Verschiedene Faktoren wirken sich negativ auf den Schlaf aus. Dazu gehören:

  • Lärm und laute Geräusche
  • Helles Licht
  • Wärme oder Kälte
  • Anregende oder alkoholische Getränke
  • Ungewohnte späte und üppige Mahlzeiten
  • Stress und Unruhe 
  • Unregelmäßige Lebensweise

 

Lärm

In einer lauten Umgebung schläft man schlechter ein und wacht zwischendurch häufiger wieder auf. Tiefschlaf- und Traumphasen sind verkürzt, der Schlaf ist weniger erholsam. Besonders belastend sind Verkehrslärm und Lärm aus der Nachbarschaft.

Daneben können andere Geräusche wie Musik oder ein laufender Fernseher im Nebenzimmer, ein brummender Kühlschrank oder ein schnarchender Partner den Schlaf behindern.

Die Empfindlichkeit für Lärm ist von verschiedenen Gegebenheiten abhängig. Dazu gehören die Art und Dauer des Geräuschs, die Situation, die Tageszeit und die individuelle Einstellung.

 

Licht

Zu helles Licht lässt sich auch von den geschlossenen Augenlidern nicht ganz ausblenden. Es führt zu einem flacheren Schlaf und stört die Erholungsphasen.

Die Produktion des schlaffördernden Hormons Melatonin wird durch Licht gehemmt, Dunkelheit wirkt dagegen fördernd.

Licht wirkt aktivierend und kann die Müdigkeit vertreiben. Vor allem Tageslicht, aber auch künstliche Beleuchtung und das Licht von PC, Tablet und Smartphone halten länger wach. 

 

Wärme und Kälte

Ein zu warmes oder zu kaltes Schlafzimmer behindert den Schlaf. Als ideal werden ca. 16 bis 18 Grad Celsius angesehen.

Eine kühlere Temperatur kann die Schlafbereitschaft unterstützen. Wenn abends die Körpertemperatur absinkt, wird man müde.

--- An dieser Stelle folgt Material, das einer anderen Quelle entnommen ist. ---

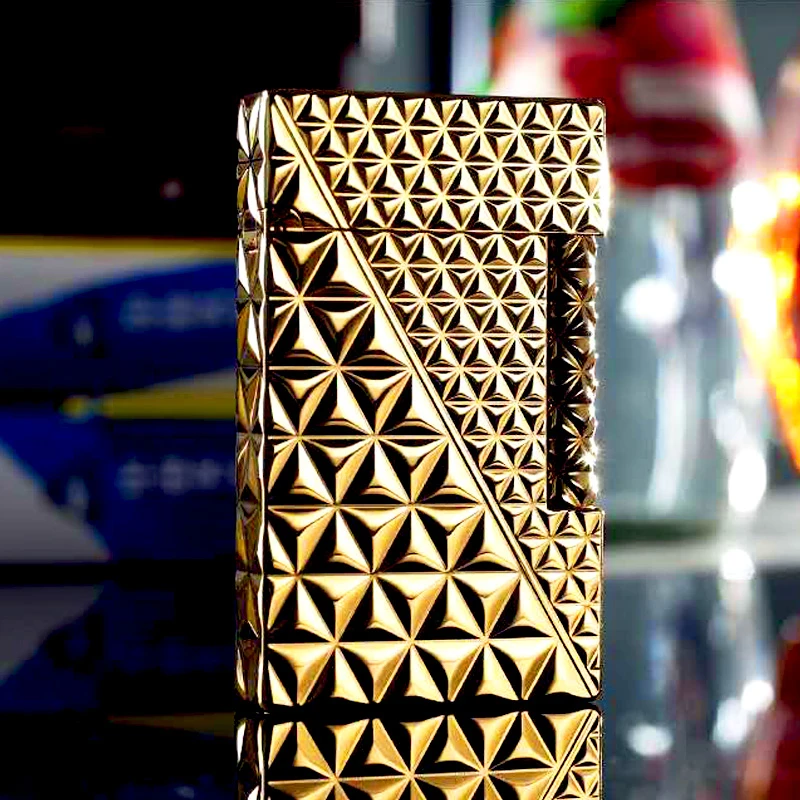 卡路大小对角线朗声打火机金色送礼充气复古黄铜礼品男士潮流29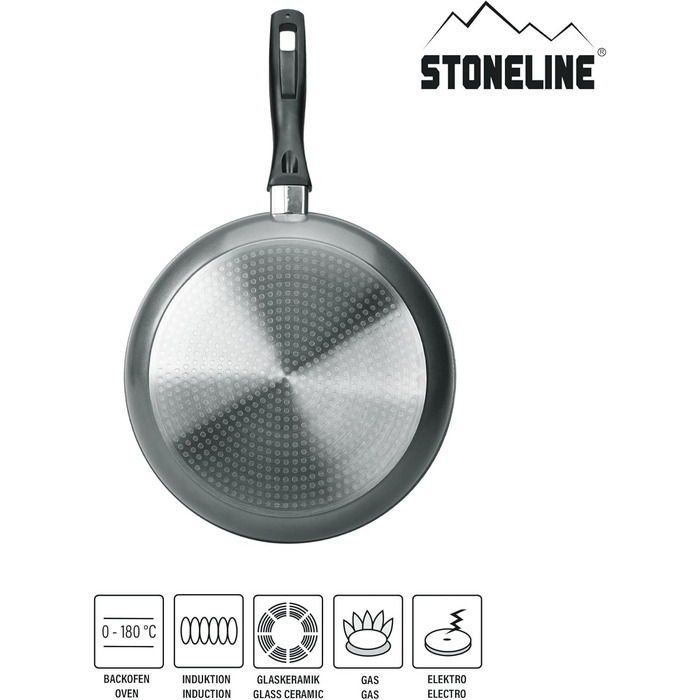 Сковорода глибока STONELINE 28 см з антипригарним покриттям (камінь), для індукції та духовки, сіра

Kalte Füße stören das schlaffördernde Absinken der Körpertemperatur und fühlen sich unangenehm an. Daher sind sie ausgesprochen hinderlich beim Einschlafen.

 

Getränke und Speisen

Wer am Nachmittag Kaffee, schwarzen oder grünen Tee und andere koffeinhaltige Getränke zu sich nimmt, kann möglicherweise schlechter einschlafen. Auch Nikotin wirkt anregend.

Später am Abend reichhaltig zu essen, kann ebenfalls wach halten - vor allem, wenn man es nicht gewohnt ist.

Der Genuss von Alkohol kurz vor dem Schlafengehen kann dagegen das Einschlafen fördern, führt aber zu einem unruhigeren Schlaf und beeinträchtigt das Durchschlafen.

 

Stress und Unruhe

Fehlt ein ruhiger Tagesausklang, um Körper und Geist nach den Aktivitäten des Tages auf die Nacht vorzubereiten, findet man oftmals schwerer in den Schlaf.

Wer angespannt und gestresst ist und nicht gut abschalten kann, hat Mühe, einzuschlafen. Eine unruhige, unaufgeräumte Umgebung kann ebenfalls den Schlaf verscheuchen. Das gilt auch bei einem unbequemen Bett.

 

Unregelmäßige Lebensweise

Fehlende Tagesstrukturen und häufig wechselnde Schlafenszeiten können die innere Uhr durcheinander bringen und zu Problemen beim Ein- und Durchschlafen führen.

Die innere Uhr steuert unseren Tag-Nacht-Rhythmus, der etwa 24 Stunden umfasst. Sie ist u. a. abhängig von Licht und Dunkelheit sowie Melatonin und anderen Hormonen.